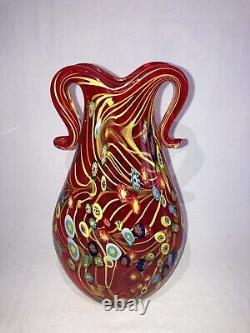 Murano Millefiori 12 Double Handled Hand-made Blown Venetian Art Glass Vase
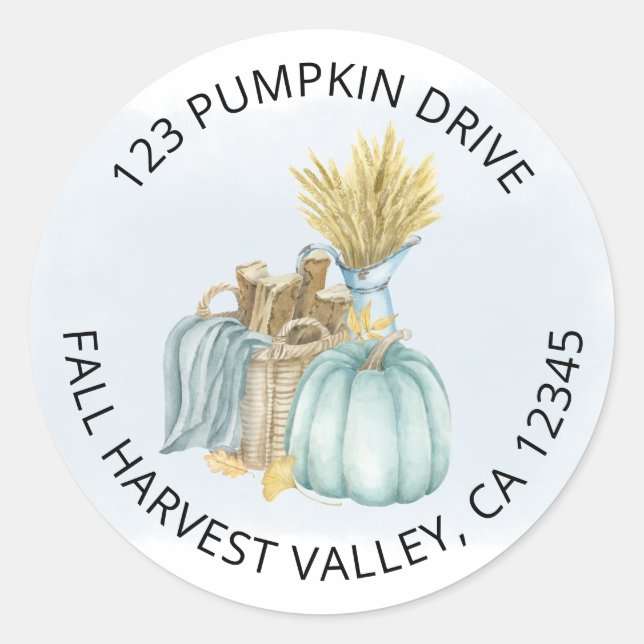Rustic Pumpkin New Address Classic Round Sticker (Vorderseite)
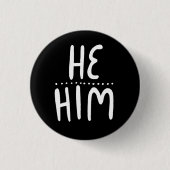 HABM/HABM Pronouns Schwarz-weiß Handschrift Minima Button (Vorderseite)
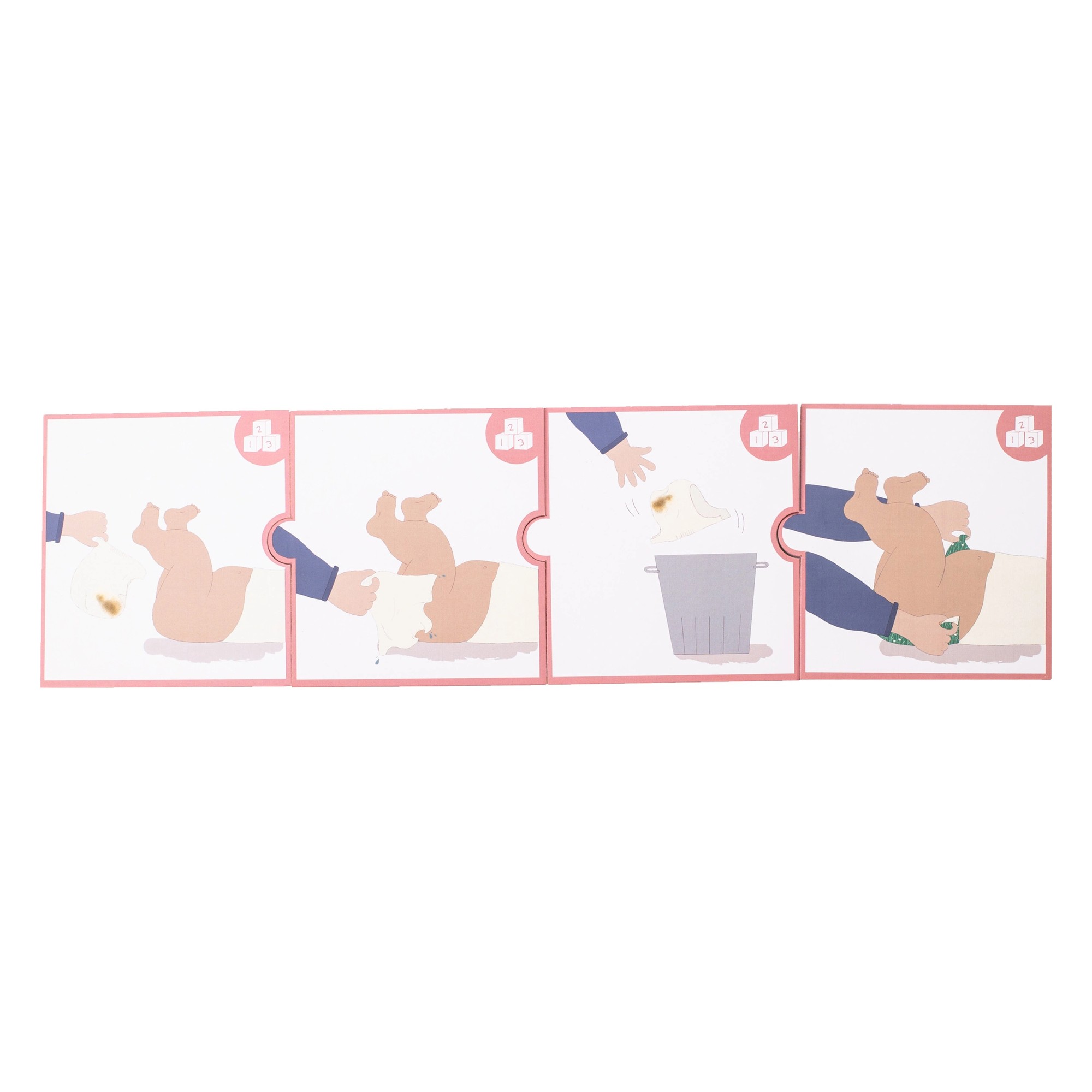 Picture cards of the Rubens Barn nappy set showing the changing steps as a puzzle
________________________
• **Task to carry out**
Without the pictures, give every line above again exactly.

• **Solution**
 Murano Millefiori 12 Double Handled Hand-made Blown Venetian Art Glass Vase
Rustic Pumpkin New Address Classic Round Sticker (Vorderseite)
 HABM/HABM Pronouns Schwarz-weiß Handschrift Minima Button (Vorderseite)
 Picture cards of the Rubens Barn nappy set showing the changing steps as a puzzle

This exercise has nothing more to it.